Diving into some of the fields present, there are a few that will not be as easy for an adversary to evade or help in detecting the behavior, such as an account name or logon ID. However, one we can investigate more is the Task Content. The Task Content holds the information concerning the new task in Extensible Markup Language (XML) format. Within the XML there are a few fields that can help in distinguishing the behavior that is actually occurring.

Some of these fields can be scored as more resistant to adversary evasion over time, while others are considered more brittle. We can investigate these fields further to see if some scheduled task activities can be filtered out.

What fields or values do events contain to help distinguish malicious from benign implementations?

The next step is to understand the benign implementations of the activity within your environment and use values that are specific and unique to the activity. These values can help filter out known, benign activity to raise the accuracy rate of the detection.

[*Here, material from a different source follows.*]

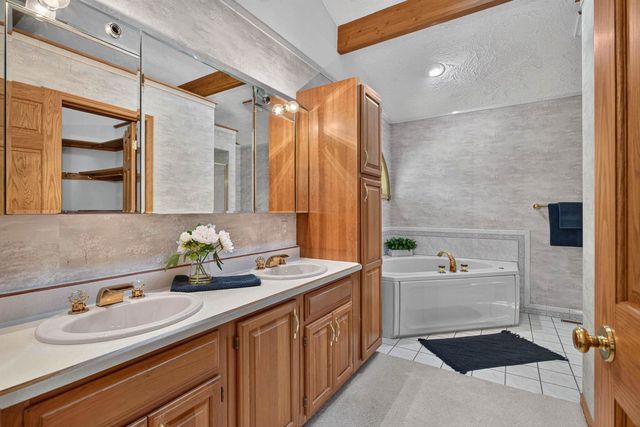 3113 W Canal Shore Drive, Leclaire, IA 52753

To avoid casting a large exclusion in your analytic for an adversary to potentially “hide in,” it is important to identify unique, benign activity. Ensuring that exclusionary values are unique will avoid catching numerous false positives.

Here are some questions to ask when looking to distinguish benign from unique suspicious or malicious activity.

Are general buckets of benign activity observed when the analytic does not have a filter?
Have these activities been investigated before? * Do they come from the running of a tool? * Do they come from the activities of a user? * Do they come from the activities of a specific user’s role?
If a filter were to be put on each activity, how would the accuracy rate change?
If a filter were to be put on each activity, how could the adversary hide in the filter? * Are there mitigations that can be implemented to mitigate the blind spot?

The answers to these questions will help determine which activities to apply a filter to in an analytic. Each environment will have different activities the defender will filter out, and a balance will look different for each defender.

Once you have identified this activity, pick out the observables that could potentially be used in detecting this behavior.

In a scheduled task, there are two primary types of Action in the XML that can be specified to execute:

Exec Action: Specifies the command to run when the schedule conditions are met.
ComHandler Action: Specifies a COM Handler ClassId and input Data to execute when schedule conditions are met.

The Command value of an Exec action and the COM Handler ClassID and Data cannot be easily masqueraded since they must map to the execution of a specific program, therefore, making them excellent values to use for detection.

Based on the fields identified in the previous step and the nature of scheduled tasks, we can look to filter out benign activity in two ways:

Approach 1: Filter out scheduled tasks based on approved Task Names.
Approach 2: Filter out scheduled tasks if they are known and approved Exec ->Command or ComHandler->ClassId.

Both approaches have the virtue of excluding many commonly seen scheduled tasks in your environment. Both also have the downside of requiring the maintenance of a (possibly long and frequently changing) allow-list. Additionally, the use of the Exec-Command field is only available in Event ID 4698, compared to just the task name in Sysmon Event IDs 11, 12, 13, or 14. Given their equality in those respects, we can focus on the crucial difference between them.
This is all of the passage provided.